While engaged in the defense of the Villa del Vascello, near Porta San Pancrazio, he was stabbed with several bayonets and seriously wounded while leading a charge. After a long recovery, he was able to return to Milan under the protection of Count Giulio Litta, a composer and avid art collector. Because of his injuries, he was exempt from being inducted into the Austrian army and went to work in his brother's studio. In the following years, he created many works based on the events of the Risorgimento, as well as genre works, influenced by his brother.
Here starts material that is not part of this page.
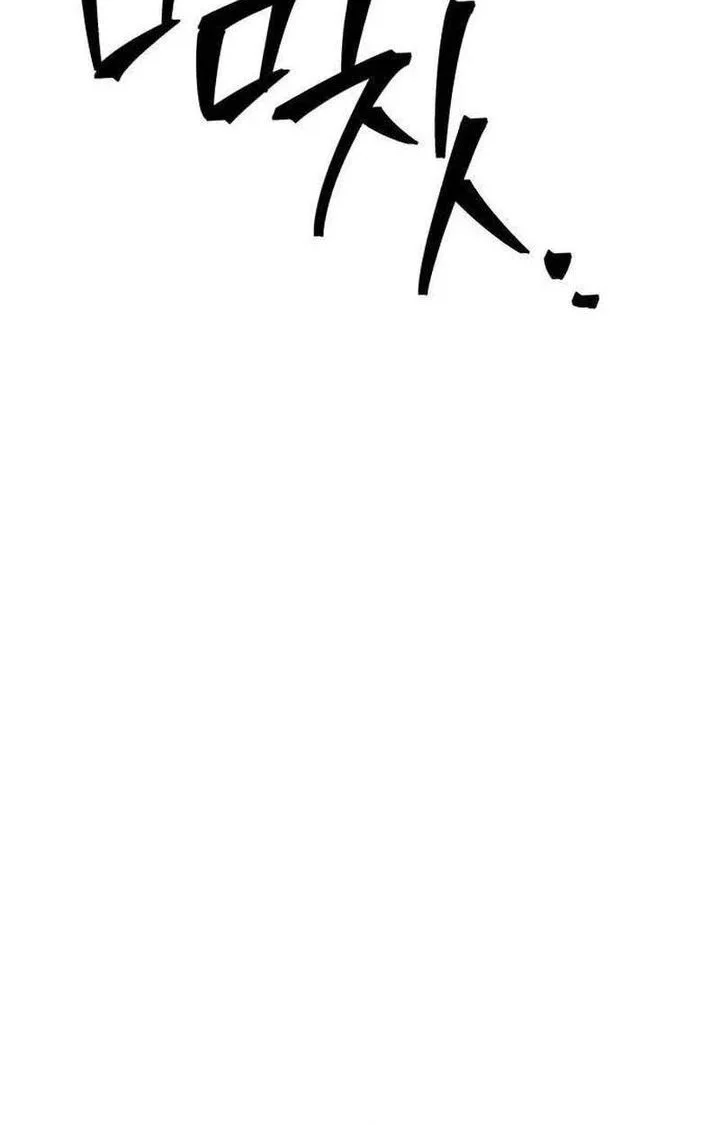 I Beat Up My Boss Chapter 22 Gambar 14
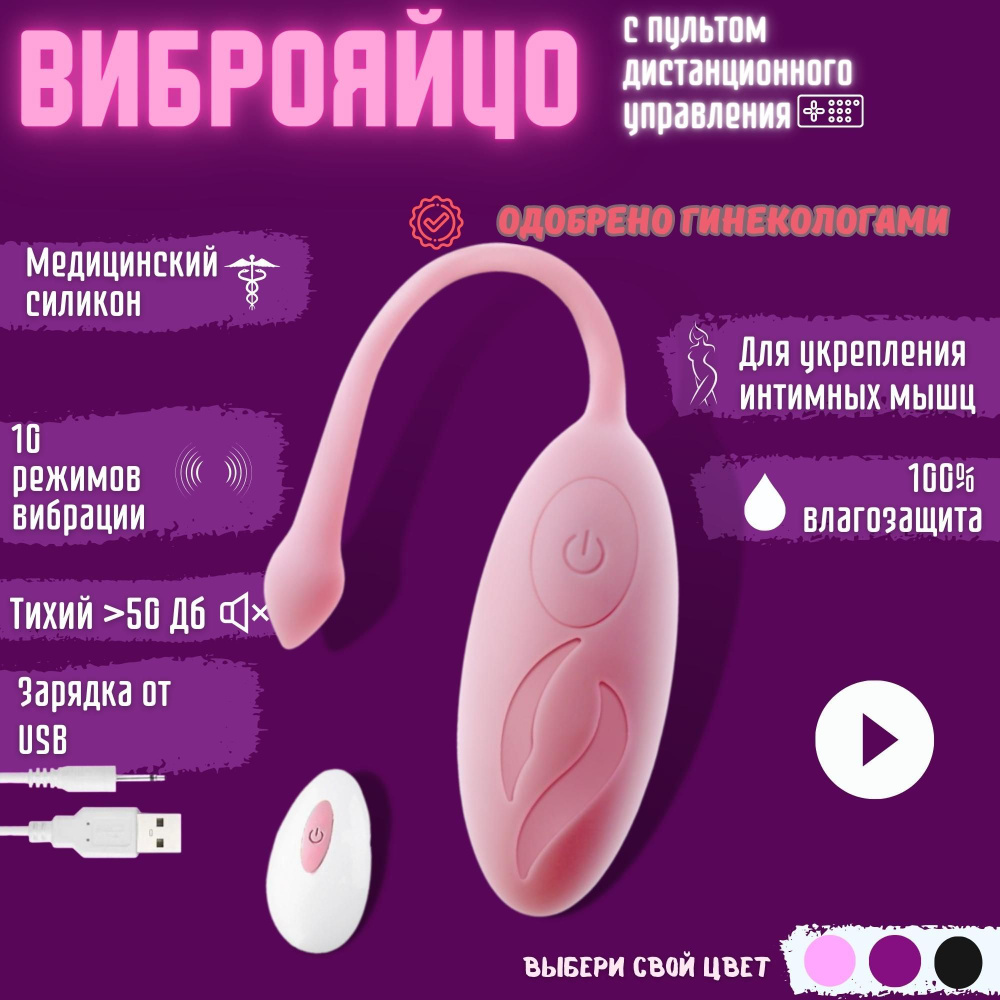 BLACKBOXXX Виброяйцо, цвет: розовый, 17.8 см #1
From 1854 to 1855, during the Crimean War, he was back in uniform; this time with the Bersaglieri of Alessandro La Marmora. Once again, he made numerous sketches that were turned into paintings and lithographs. These included a depiction of the Battle of the Chernaya that was purchased by King Victor Emmanuel II. Some of his works were exhibited at the Exposition Universelle in Paris. In 1859, despite lingering health issues, he enlisted in the Hunters of the Alps and came to be recognized by Garibaldi as the official painter of the Risorgimento, especially on matters of an official character. His genre scenes became almost entirely devoted to military themes.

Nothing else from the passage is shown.